Exactly as written, print out each entry in the data, with no pictures.

(Beginning of Entries supplied)

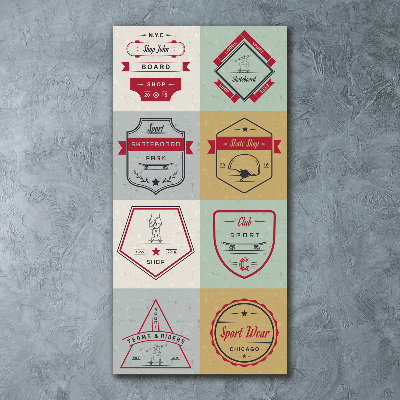 Cuadro decorativo en acrílico brillante vertical Señales de patineta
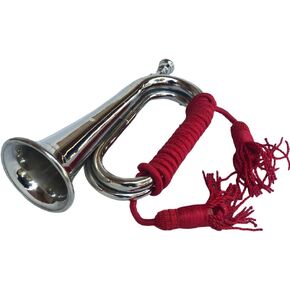 Boy Scout Nickel Plated Blowing Bugle Attack Command Signal Horn Beautiful Colourful Rope Binding
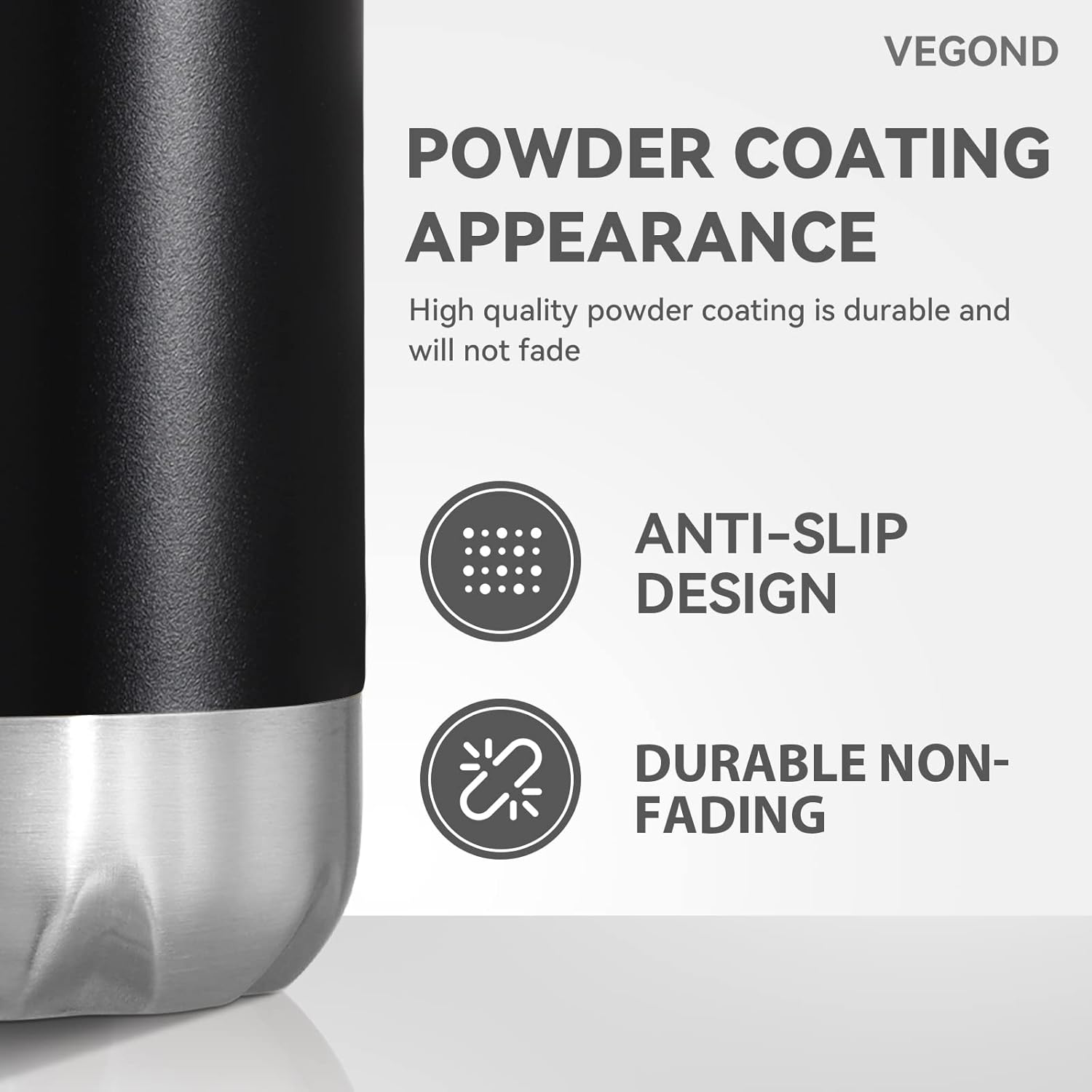 VEGOND 17oz Stainless Steel Water Bottles, Reusable Metal Sports Water Bottle Keeps Drink Hot and Cold, BPA Free Double Wall Vacuum Cola Shape Insulated Water Bottle for Camping Gym, 1 Pack - Image 4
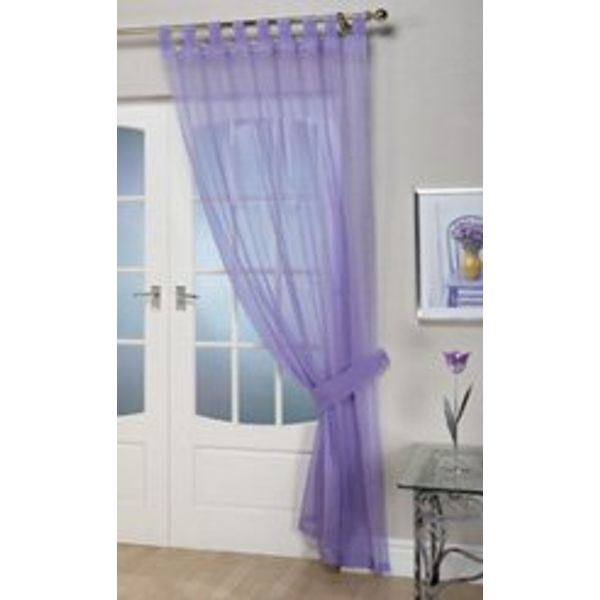 Woven Voile Tab Top Lilac 60in x 72in Panel Including Tie Back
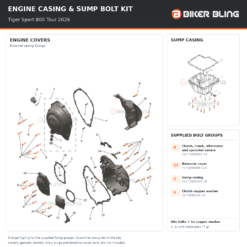 Triumph Tiger Sport 800 Tour 2026 engine cover and sump casing bolt fitting diagram, with supplied bolts highlighted orange.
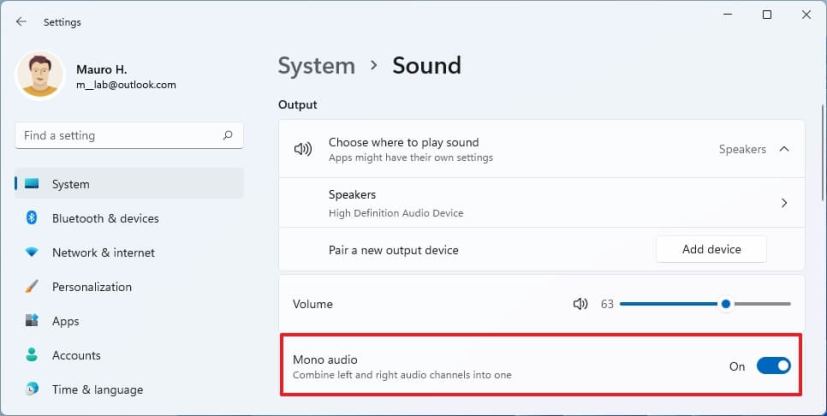 Mono audio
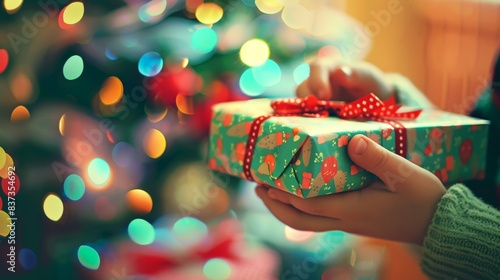 Close-up of a childs hands opening a festive gift box beside a decorated Christmas tree. Concept of holiday celebration, gift giving, Christmas presents, joyful moments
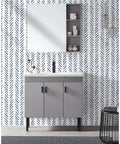 Peel And Stick Navy White Chevron Wallpaper For Walls Removable Vinyl Self Adhesive Mural With Textured Matte Finish Boho Style Stripes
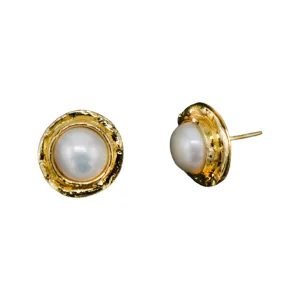 351-01-G | 9MM PEARL BEZEL POST EARRING ON GOLD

(End of Entries supplied)

### Response
 Cuadro decorativo en acrílico brillante vertical Señales de patineta
 Boy Scout Nickel Plated Blowing Bugle Attack Command Signal Horn Beautiful Colourful Rope Binding
 VEGOND 17oz Stainless Steel Water Bottles, Reusable Metal Sports Water Bottle Keeps Drink Hot and Cold, BPA Free Double Wall Vacuum Cola Shape Insulated Water Bottle for Camping Gym, 1 Pack - Image 4
 Woven Voile Tab Top Lilac 60in x 72in Panel Including Tie Back
 Triumph Tiger Sport 800 Tour 2026 engine cover and sump casing bolt fitting diagram, with supplied bolts highlighted orange.
 Mono audio
 Close-up of a childs hands opening a festive gift box beside a decorated Christmas tree. Concept of holiday celebration, gift giving, Christmas presents, joyful moments
 Peel And Stick Navy White Chevron Wallpaper For Walls Removable Vinyl Self Adhesive Mural With Textured Matte Finish Boho Style Stripes
 351-01-G | 9MM PEARL BEZEL POST EARRING ON GOLD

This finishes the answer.